The proper way to do animated tiles would be to prepare two layers: one for the tiles, and one for the sprites, and draw both of them each time the screen is drawn (and all the type 1 sprites, of course), or at least create a new "real" background from them each time the tiles are animated. This also costs more time and memory, which may have made a significant difference when Dink was first released. So for performance, the type 0 sprites are part of the background.

Animated tiles draw their new image onto the background. They overwrite the existing background, which is assumed to be the old tile, but can contain type 0 sprites (including dead bodies). If it does, those sprites are simply overwritten and thus lost.

I think Seth must have known this, but he chose to implement it this way because of performance. So that's a feature, not a bug.
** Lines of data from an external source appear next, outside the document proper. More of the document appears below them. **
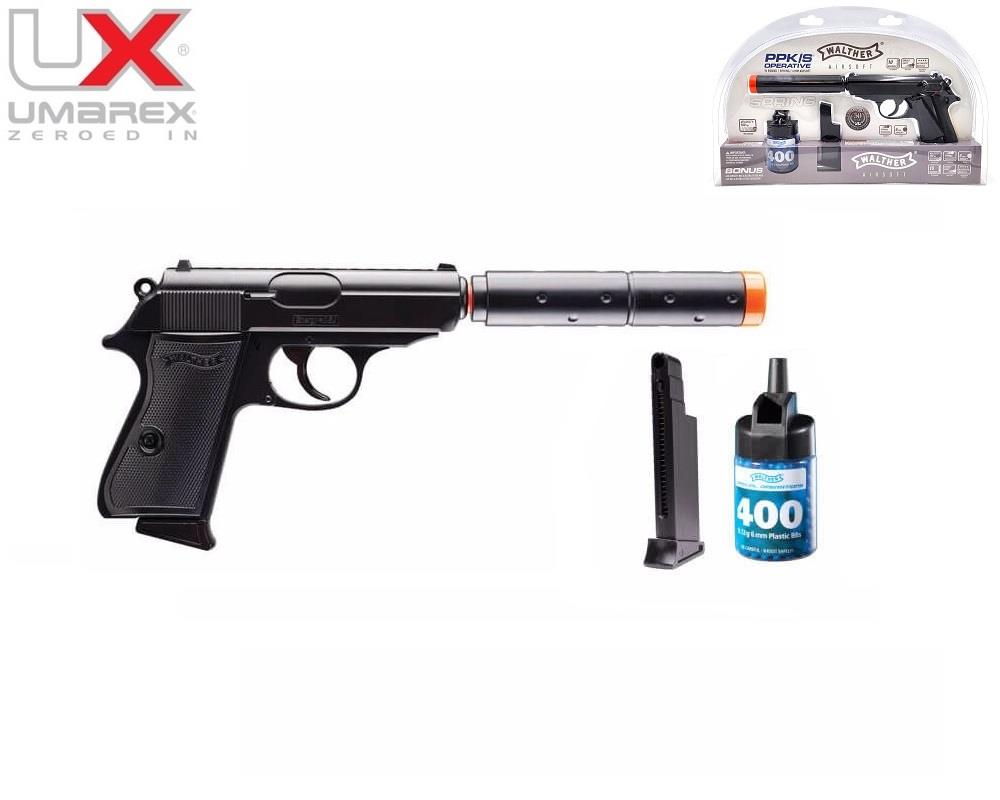 New Umarex Walther PPK/S Operative Kit Airsoft Spring Pistol w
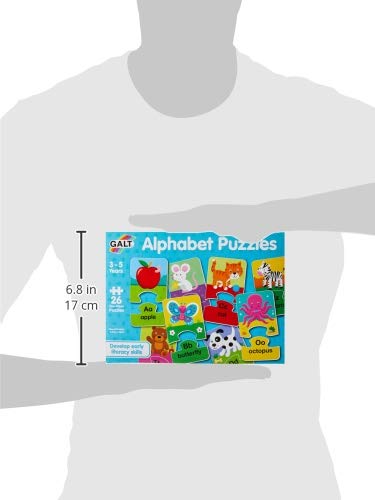 Galt Alphabet Jigsaw Puzzle for Kids Ages 3+ | 26 Two-Piece Puzzles for Letter Recognition 3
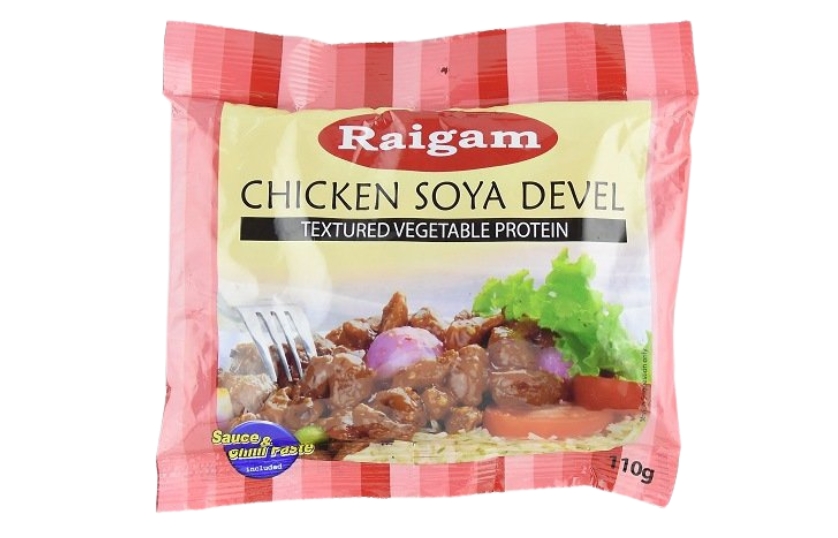 RAIGAM SOYA MEAT CHINESE SOYA DEVILLED CHICKEN 110G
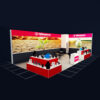 Orj T3 systems moduler stand sistemi fuar raf banko dekopa 1008istanbul turkey lightbox stand yurtdisi fuar standlari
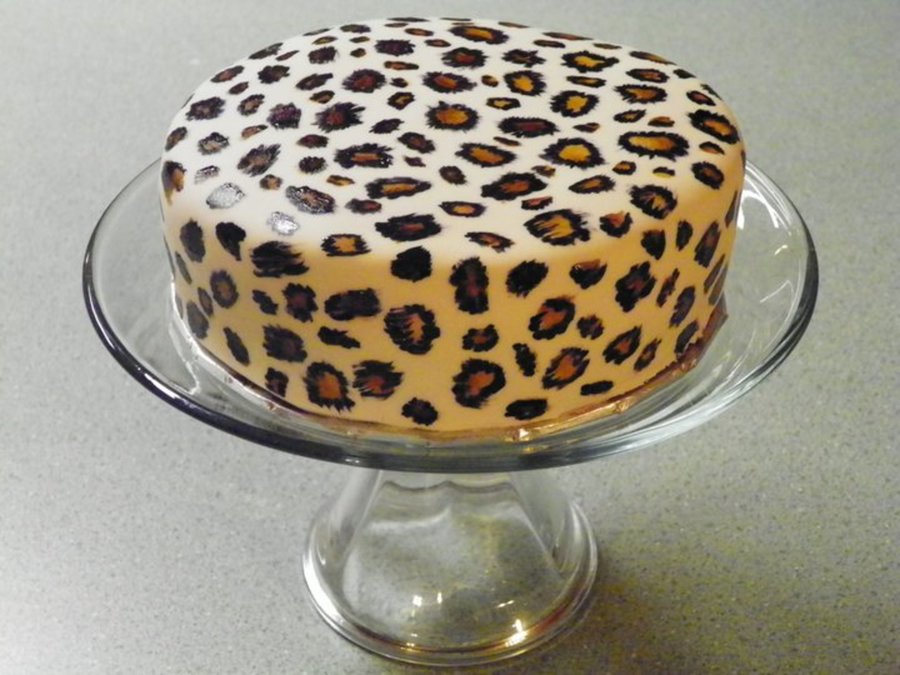 Leopard Print Cake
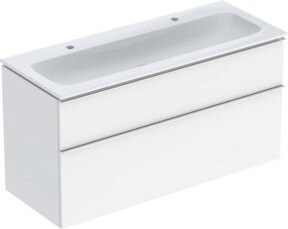 Geberit Möbel-Waschtischset iCon aus Keramik in Weiß, B/T/H: 120 x 63 x 48 cm - Bild 1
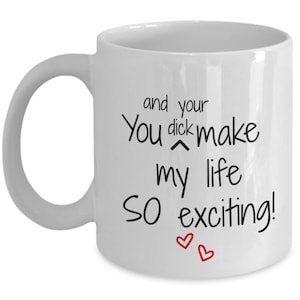 Sexy Freundgeschenk, freche Geschenk für ihn, Jubiläum, Valentinstag Geschenk für ihn personalisiert, schmutzigen Becher, lustigen Mann, Freund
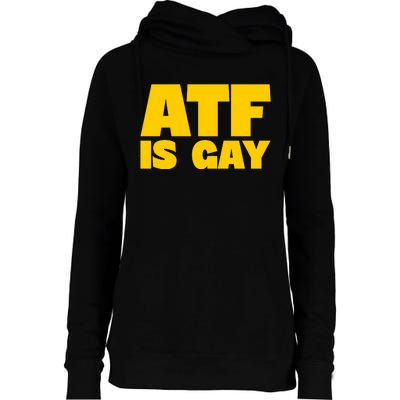 Atf Is Gay Human Rights Equality Pride Womens Funnel Neck Pullover Hood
Type 2 sprites are identical to type 1, except that they aren't drawn to the screen. The problem here is a type 2 sprite (but I'm not sure if it can happen with type 1 as well) with a warp attached, which is somehow missing in the list of "currently active sprites" (this may actually be intended behaviour for type 2 sprites). In that case, find_sprite will return 0. That wouldn't be a problem, because it will simply look up spr[0].seq, which should be empty, and start warping only when it is 0 (meaning the animation is finished). spr[0].seq starts as 0, so all is well. But if it somehow becomes non-0, there is a problem. It is never used, so its animation doesn't actually run, and it will never become 0 if it isn't. Which means the game will hang.

The problem really is that spr[0].seq somehow becomes non-0. I think this happens when too many (non-background) sprites are simultaneously active. The bug should be fixed by not using spr[0] in that case, but this workaround has the same effect.